---- DATA RECORDS

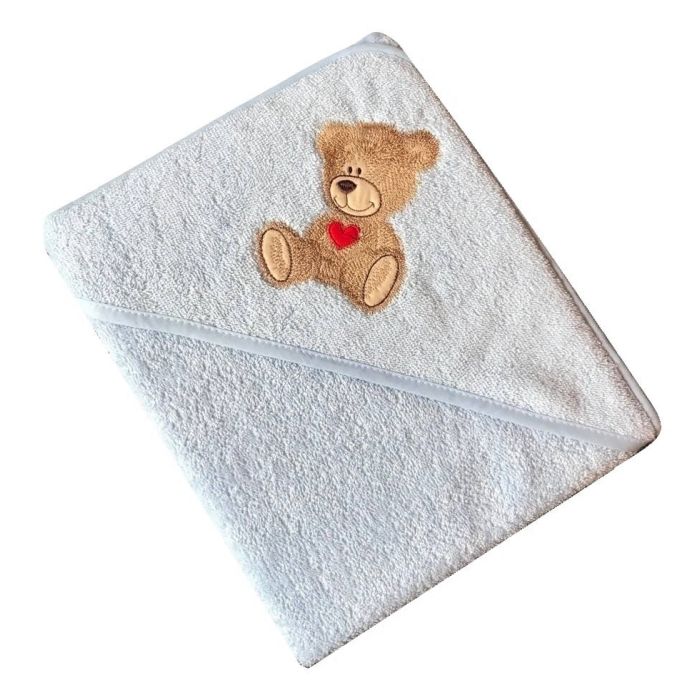 Rankšluostis kūdikiui "Teddy bear" su gobtuvu 100x100cm "frotte" melsvas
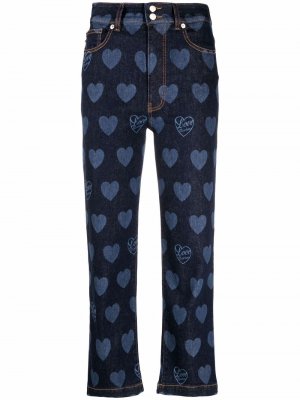 Укороченные джинсы прямого кроя с принтом Love Moschino. Цвет: синий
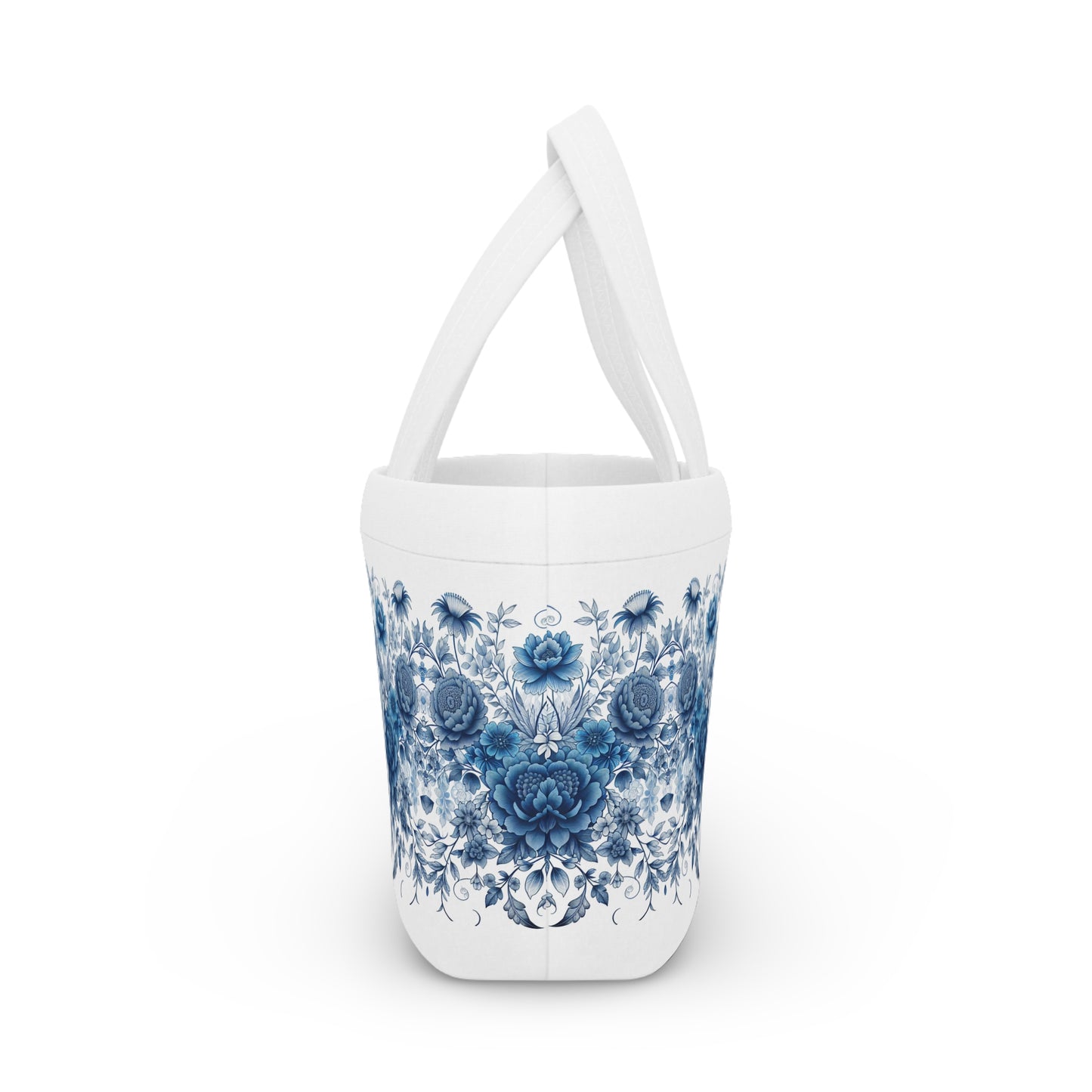 Blue Floral Lunch Bag - Insulated Food Tote, Flower Print Lunchbox, Picnic Cooler, Reusable Lunch Sack, Lunchtime Accessory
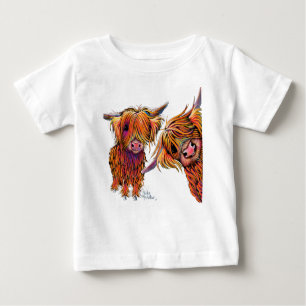 T-shirt Pour Bébé Vaches écossaises Highland ‘ LoLLY & PoP ‘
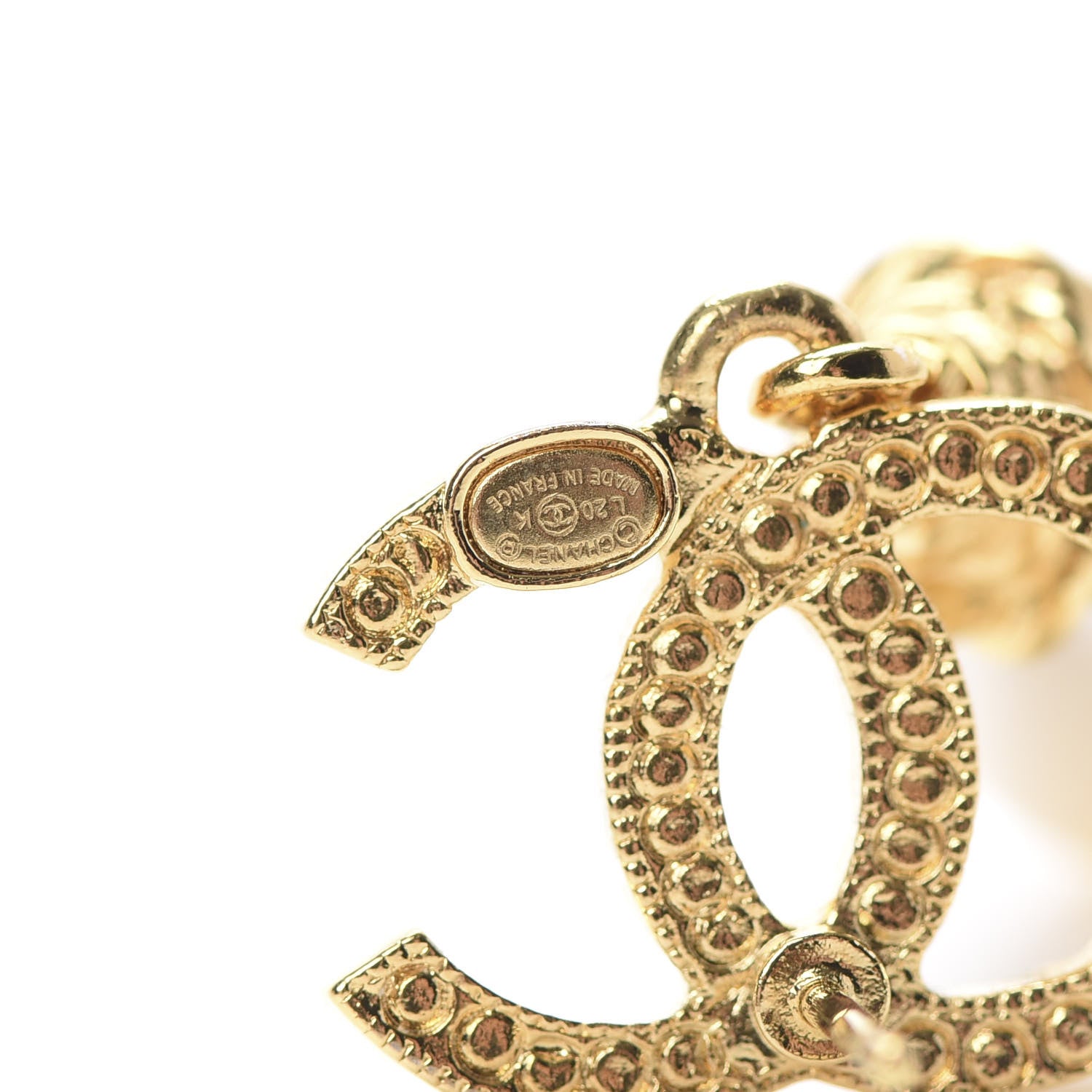 Chanel Crystal Pearl CC Drop Earrings Gold 4 of 5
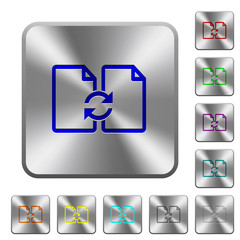 Swap documents rounded square steel buttons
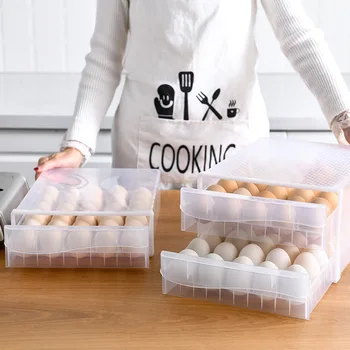 Plastikiniai 60 Skylių Kiaušinių Dėžutės Šaldytuve Kiaušinių Dėklas Saugojimui Lauke Organizatorius Lauke Virtuvės Reikmenys Šaldytuvas Kiaušinių Saugojimo Bylos Šviežių Pres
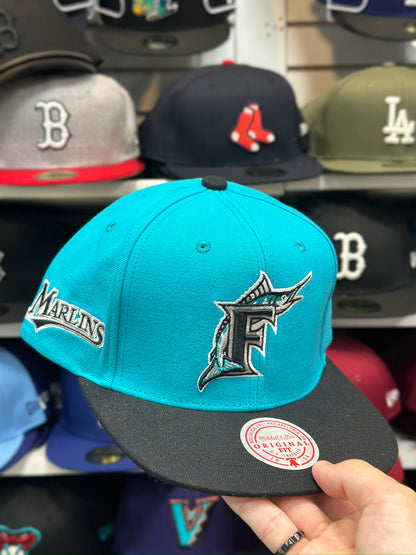 Florida Marlins MLB Snapback | Mitchell & Ness Original Fit Adjustable Hat | Teal/Black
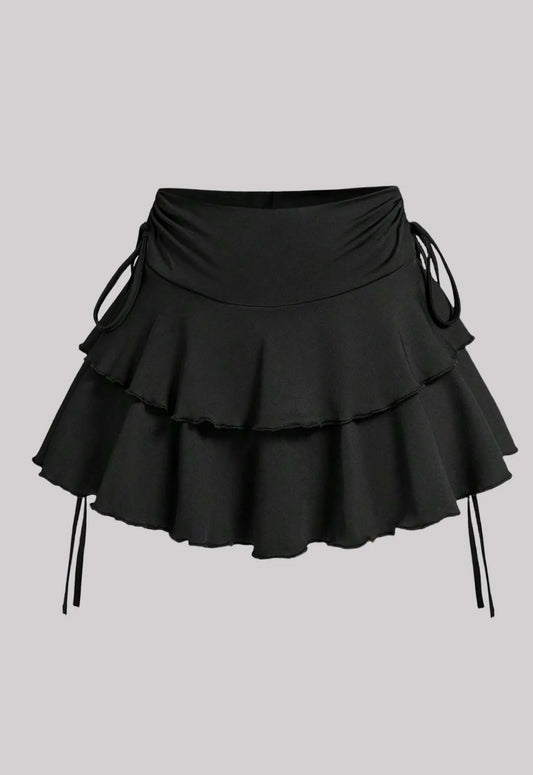 Plus Size Women's Ruffled Mini Skirt High Waist Tiered Layered Drawstring Casual Skirt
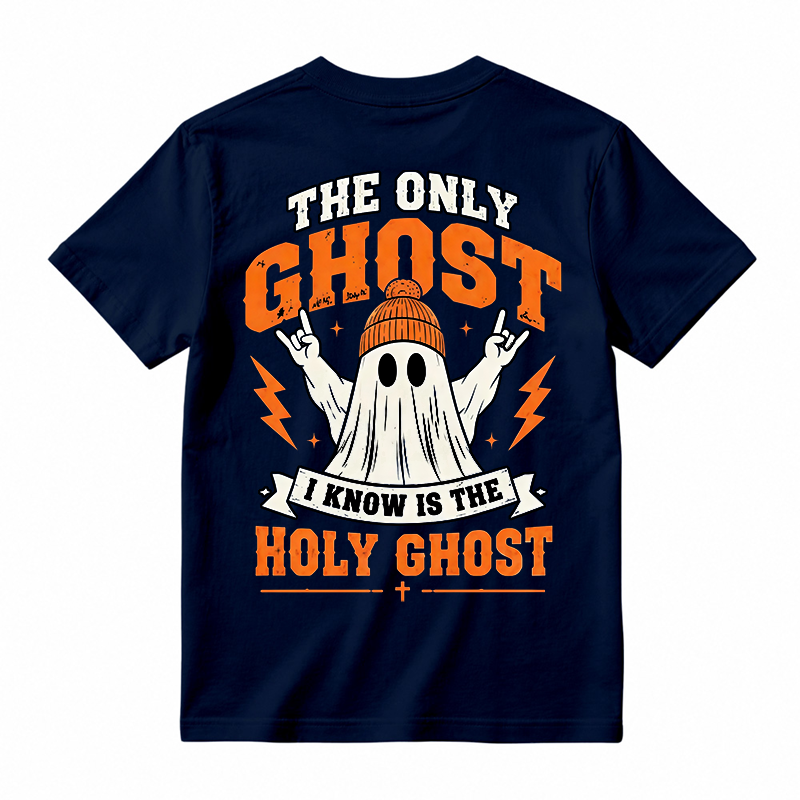 The Only Ghost I Know Is The Holy Ghost Funny Christian Halloween Graphic Tee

--------

DESCRIPTION OF THE TASK: For each entry, copy the text exactly and leave out any image it carries.

ANSWER TO THIS PROBLEM:
 Rankšluostis kūdikiui "Teddy bear" su gobtuvu 100x100cm "frotte" melsvas
 Укороченные джинсы прямого кроя с принтом Love Moschino. Цвет: синий
 Blue Floral Lunch Bag - Insulated Food Tote, Flower Print Lunchbox, Picnic Cooler, Reusable Lunch Sack, Lunchtime Accessory
 T-shirt Pour Bébé Vaches écossaises Highland ‘ LoLLY & PoP ‘
 Chanel Crystal Pearl CC Drop Earrings Gold 4 of 5
 Swap documents rounded square steel buttons
 Plastikiniai 60 Skylių Kiaušinių Dėžutės Šaldytuve Kiaušinių Dėklas Saugojimui Lauke Organizatorius Lauke Virtuvės Reikmenys Šaldytuvas Kiaušinių Saugojimo Bylos Šviežių Pres
 Florida Marlins MLB Snapback | Mitchell & Ness Original Fit Adjustable Hat | Teal/Black
 Plus Size Women's Ruffled Mini Skirt High Waist Tiered Layered Drawstring Casual Skirt
 The Only Ghost I Know Is The Holy Ghost Funny Christian Halloween Graphic Tee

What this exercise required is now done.